| WORK TO BE COMPLETED |
Below are some records. Write out exactly their lines from the one with "البرنامج السعودي لتنمية" through the one with "NO:903439,BrunelloCucinell Light Luxury", and leave the pictures behind.

___ MATERIALS PROVIDED ___

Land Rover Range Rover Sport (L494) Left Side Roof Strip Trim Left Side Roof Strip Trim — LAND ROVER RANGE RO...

___
___ MATERIALS PROVIDED ___

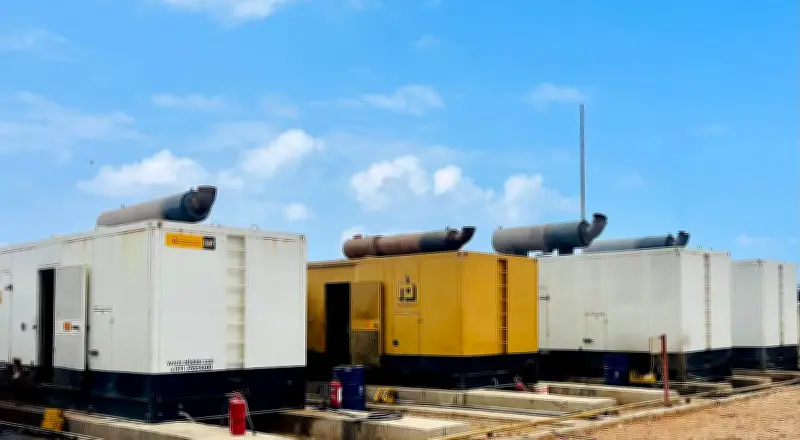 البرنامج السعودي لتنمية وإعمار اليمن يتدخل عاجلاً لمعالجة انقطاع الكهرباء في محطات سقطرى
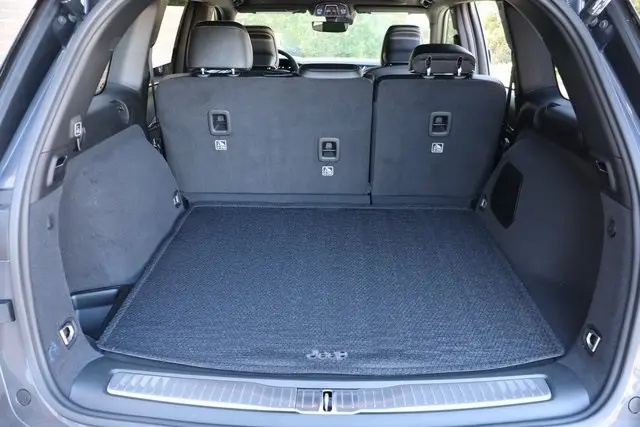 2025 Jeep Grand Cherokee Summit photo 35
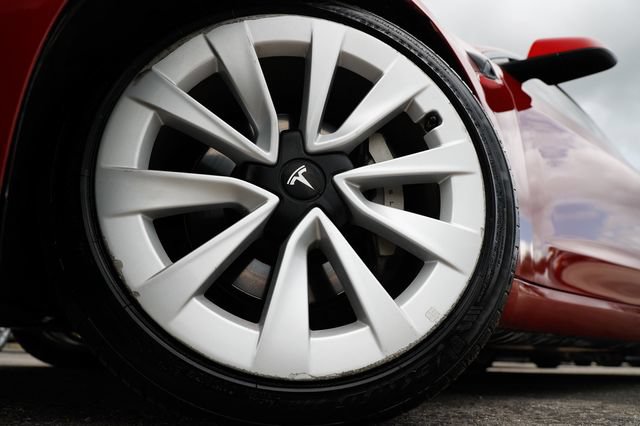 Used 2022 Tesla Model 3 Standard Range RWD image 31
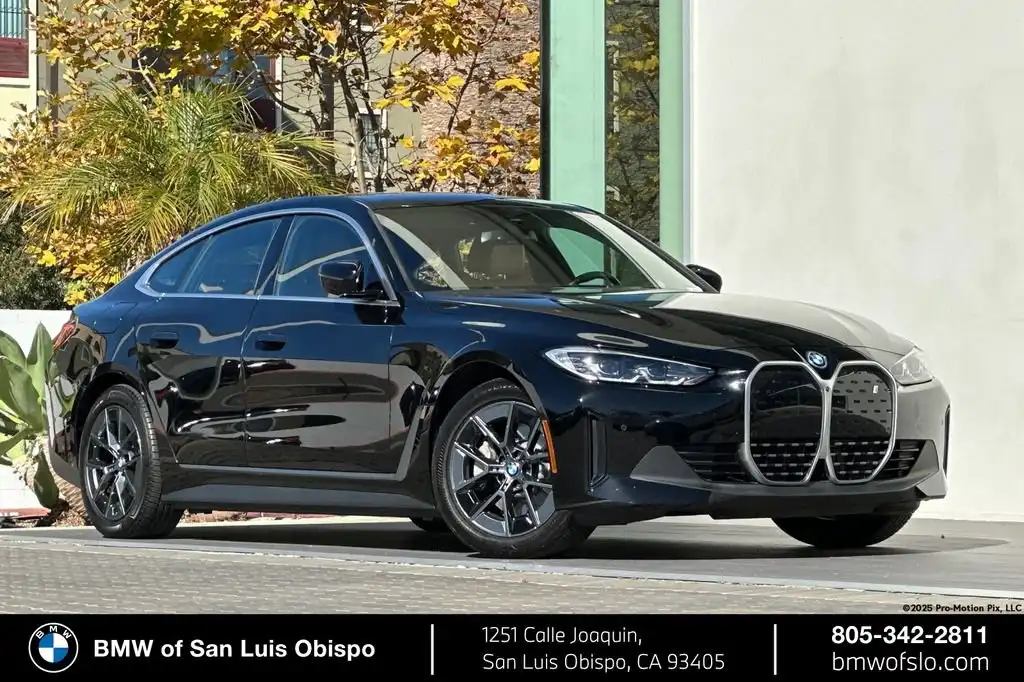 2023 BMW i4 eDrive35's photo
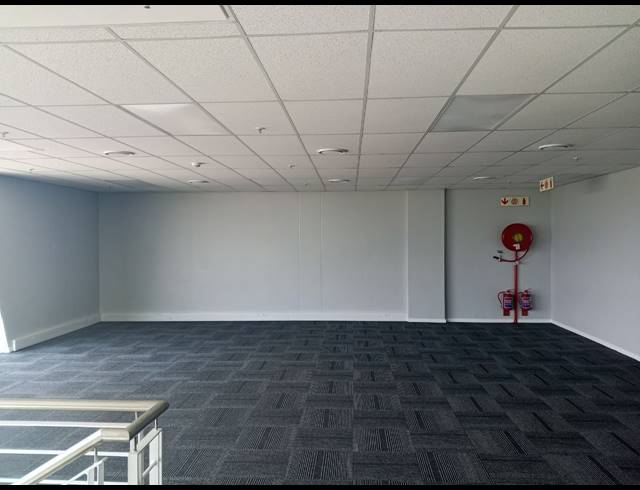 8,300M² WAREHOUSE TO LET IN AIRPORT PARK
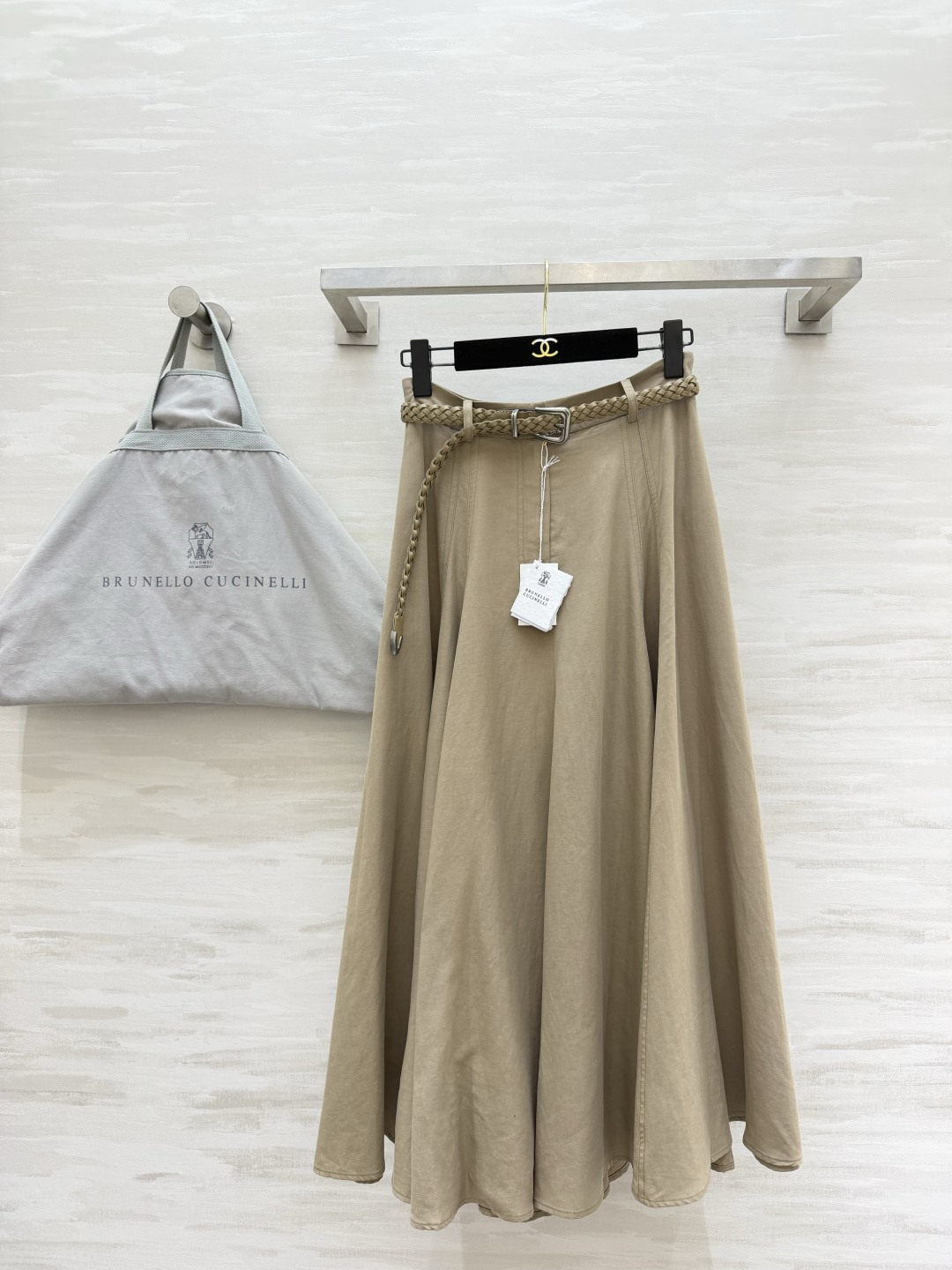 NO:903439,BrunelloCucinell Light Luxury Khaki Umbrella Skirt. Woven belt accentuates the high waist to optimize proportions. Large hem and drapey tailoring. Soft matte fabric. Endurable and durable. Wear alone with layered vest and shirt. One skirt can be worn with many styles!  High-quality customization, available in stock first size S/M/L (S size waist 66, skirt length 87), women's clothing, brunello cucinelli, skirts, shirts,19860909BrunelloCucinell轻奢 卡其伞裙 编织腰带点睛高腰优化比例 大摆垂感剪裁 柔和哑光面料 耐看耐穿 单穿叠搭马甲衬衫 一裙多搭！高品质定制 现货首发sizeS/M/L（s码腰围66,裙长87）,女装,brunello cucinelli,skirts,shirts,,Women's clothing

___

| RESULT OF THIS TASK |
 البرنامج السعودي لتنمية وإعمار اليمن يتدخل عاجلاً لمعالجة انقطاع الكهرباء في محطات سقطرى
 2025 Jeep Grand Cherokee Summit photo 35
 Used 2022 Tesla Model 3 Standard Range RWD image 31
 2023 BMW i4 eDrive35's photo
 8,300M² WAREHOUSE TO LET IN AIRPORT PARK
 NO:903439,BrunelloCucinell Light Luxury Khaki Umbrella Skirt. Woven belt accentuates the high waist to optimize proportions. Large hem and drapey tailoring. Soft matte fabric. Endurable and durable. Wear alone with layered vest and shirt. One skirt can be worn with many styles!  High-quality customization, available in stock first size S/M/L (S size waist 66, skirt length 87), women's clothing, brunello cucinelli, skirts, shirts,19860909BrunelloCucinell轻奢 卡其伞裙 编织腰带点睛高腰优化比例 大摆垂感剪裁 柔和哑光面料 耐看耐穿 单穿叠搭马甲衬衫 一裙多搭！高品质定制 现货首发sizeS/M/L（s码腰围66,裙长87）,女装,brunello cucinelli,skirts,shirts,,Women's clothing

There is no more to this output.